The sub trades came and went. I met with the contractor and architect weekly. The bills came monthly and I kept a difibrulator in the office in case of heart attack. (Wow, stuff is expensive on Cape Cod! ) The bank visited to be sure we are actually spending the money they lend us for the building. There are cautionary tales told, about borrowers who bough Ferrari’s instead (hmmm) and people over 90 days in default (oooh, that sounds uncomfortable).
But we plowed onward. The wind blew yesterday, too hard for the roofers which was a disappointment as it was otherwise fortuitous : clear, dry and not too cold. We are gunning for the “rough framing, plumbing and electric inspection,” the first big step toward completion. After we pass that, then we can insulate, sprinkler and drywall. It’s all downhill from there with finish carpentry, painting and decorating. Sounds easy, huh. And here is what you came for, the photos of progress and action as of late December 2012:
We struggled with Marvin Windows as their lead time is much longer than other companies, and they are pricey. But they look really nice once installed. If they last a nice long time in the salt spray, I will be happy. Call me in fifteen years.
And the views through those windows. Wow…
Thanks for following along and see you all this summer…
Becoming an innkeeper is a curious transition that starts with worrying about all the little details (do we have enough toilet paper? Is the boiler working?) and eventually transforms to a place where the small interactions with one’s guests can make or break a year. On that front, 2011 is a very good year.
Thus begins the tale of the red chair. We moved to Woods Hole last year and made numerous trips to the swap shop (a wonderful institution at the town dump where you can drop off or pick up gently used stuff) and one day we found these two painted red wooden chairs. Pretty solid, I said to my husband. Yes, perfect for our new porch, he mused. So into the trunk they went, paint peeling a bit, dirt crusted in the corners but a nice solid color, definitely worth cleaning up.
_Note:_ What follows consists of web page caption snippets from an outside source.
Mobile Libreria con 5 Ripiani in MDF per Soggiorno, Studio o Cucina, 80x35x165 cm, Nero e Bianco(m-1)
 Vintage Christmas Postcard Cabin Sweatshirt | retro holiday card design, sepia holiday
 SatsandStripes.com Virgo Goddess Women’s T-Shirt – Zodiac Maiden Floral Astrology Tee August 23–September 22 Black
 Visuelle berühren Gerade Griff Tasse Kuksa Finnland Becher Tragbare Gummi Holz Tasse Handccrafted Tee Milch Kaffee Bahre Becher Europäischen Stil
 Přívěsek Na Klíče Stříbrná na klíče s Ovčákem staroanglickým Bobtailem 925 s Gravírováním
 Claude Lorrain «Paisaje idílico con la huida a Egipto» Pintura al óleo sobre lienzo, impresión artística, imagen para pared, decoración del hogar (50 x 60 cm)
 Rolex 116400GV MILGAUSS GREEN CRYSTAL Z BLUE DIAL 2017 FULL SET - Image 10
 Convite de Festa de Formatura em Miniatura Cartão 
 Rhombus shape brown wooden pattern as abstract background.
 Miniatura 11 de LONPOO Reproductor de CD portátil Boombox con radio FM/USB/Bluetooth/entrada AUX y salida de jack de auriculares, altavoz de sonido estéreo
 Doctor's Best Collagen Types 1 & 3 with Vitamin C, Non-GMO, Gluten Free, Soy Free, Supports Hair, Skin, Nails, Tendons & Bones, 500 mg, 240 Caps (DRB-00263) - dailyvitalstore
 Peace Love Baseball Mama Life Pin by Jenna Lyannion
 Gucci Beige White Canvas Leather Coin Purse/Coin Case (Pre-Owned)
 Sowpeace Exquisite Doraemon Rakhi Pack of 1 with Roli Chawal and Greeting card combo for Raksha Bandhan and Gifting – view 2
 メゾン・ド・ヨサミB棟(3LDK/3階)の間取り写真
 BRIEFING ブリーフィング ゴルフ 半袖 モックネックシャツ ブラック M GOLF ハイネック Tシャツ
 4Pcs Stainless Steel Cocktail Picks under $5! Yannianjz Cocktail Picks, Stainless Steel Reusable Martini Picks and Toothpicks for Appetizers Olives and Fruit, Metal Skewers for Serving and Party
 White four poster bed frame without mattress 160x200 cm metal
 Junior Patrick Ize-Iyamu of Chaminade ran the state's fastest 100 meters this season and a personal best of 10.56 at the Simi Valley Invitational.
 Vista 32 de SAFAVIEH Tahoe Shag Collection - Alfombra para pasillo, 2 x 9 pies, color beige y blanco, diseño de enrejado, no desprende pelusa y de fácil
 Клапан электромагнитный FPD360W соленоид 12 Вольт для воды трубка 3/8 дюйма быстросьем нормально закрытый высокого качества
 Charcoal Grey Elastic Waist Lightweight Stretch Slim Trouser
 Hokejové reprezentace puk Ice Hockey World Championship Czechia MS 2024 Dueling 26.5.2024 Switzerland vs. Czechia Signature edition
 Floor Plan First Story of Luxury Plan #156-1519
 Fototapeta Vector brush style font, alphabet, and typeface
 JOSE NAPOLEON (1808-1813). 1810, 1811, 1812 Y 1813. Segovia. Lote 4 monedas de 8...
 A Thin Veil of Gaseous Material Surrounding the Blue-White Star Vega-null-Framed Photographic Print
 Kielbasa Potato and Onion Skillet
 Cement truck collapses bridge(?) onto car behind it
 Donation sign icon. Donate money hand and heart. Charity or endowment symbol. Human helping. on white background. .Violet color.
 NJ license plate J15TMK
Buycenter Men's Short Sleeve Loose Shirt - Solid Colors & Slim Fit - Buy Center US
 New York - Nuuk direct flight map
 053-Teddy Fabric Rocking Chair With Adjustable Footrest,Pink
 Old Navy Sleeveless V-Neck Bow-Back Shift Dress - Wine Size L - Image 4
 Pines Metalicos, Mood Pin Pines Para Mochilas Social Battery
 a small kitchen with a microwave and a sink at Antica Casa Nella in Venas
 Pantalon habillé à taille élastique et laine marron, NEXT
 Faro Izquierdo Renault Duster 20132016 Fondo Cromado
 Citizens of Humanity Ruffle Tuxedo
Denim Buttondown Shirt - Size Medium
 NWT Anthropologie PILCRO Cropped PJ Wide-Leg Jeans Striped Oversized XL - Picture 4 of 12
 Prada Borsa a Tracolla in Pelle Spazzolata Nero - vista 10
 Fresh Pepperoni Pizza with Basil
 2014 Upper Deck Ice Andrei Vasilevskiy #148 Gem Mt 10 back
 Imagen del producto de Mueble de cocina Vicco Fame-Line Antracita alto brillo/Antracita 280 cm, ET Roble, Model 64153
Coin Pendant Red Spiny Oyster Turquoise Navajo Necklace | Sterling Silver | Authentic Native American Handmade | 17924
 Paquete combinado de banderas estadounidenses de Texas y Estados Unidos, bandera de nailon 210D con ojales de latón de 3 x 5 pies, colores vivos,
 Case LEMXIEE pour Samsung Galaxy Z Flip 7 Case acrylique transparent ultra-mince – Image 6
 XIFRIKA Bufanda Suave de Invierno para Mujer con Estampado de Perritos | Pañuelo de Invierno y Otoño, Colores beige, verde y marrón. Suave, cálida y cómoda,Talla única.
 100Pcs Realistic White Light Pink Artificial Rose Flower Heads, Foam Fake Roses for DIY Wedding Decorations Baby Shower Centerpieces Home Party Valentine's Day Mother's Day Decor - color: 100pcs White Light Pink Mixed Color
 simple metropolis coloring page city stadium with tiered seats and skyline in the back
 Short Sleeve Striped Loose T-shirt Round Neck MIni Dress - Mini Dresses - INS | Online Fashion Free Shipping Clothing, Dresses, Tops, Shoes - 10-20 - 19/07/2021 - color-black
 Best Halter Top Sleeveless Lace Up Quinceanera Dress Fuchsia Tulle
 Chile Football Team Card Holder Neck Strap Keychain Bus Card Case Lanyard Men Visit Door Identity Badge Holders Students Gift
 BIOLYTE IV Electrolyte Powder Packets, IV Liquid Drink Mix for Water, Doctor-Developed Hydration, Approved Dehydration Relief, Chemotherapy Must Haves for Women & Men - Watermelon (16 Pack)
Six months later, in January, the small pond behind our house froze. We decided to go skating one afternoon. I grabbed one of the red chairs to help the kids get their skates on. It was glowery and cold, with the light threatening to turn to actual darkness. The pond was grey, silent, ringed with houses many of them dark in winter. I stamped my feet to keep warm, listening to the skates whisk across the ice. Cold and too dark now, I hustled the kids inside for dinner. As we cleared the gear, I looked back and noticed we had forgotten the red chair. There is sat, alone on the pond. I snapped it’s portrait with my handy iPhone.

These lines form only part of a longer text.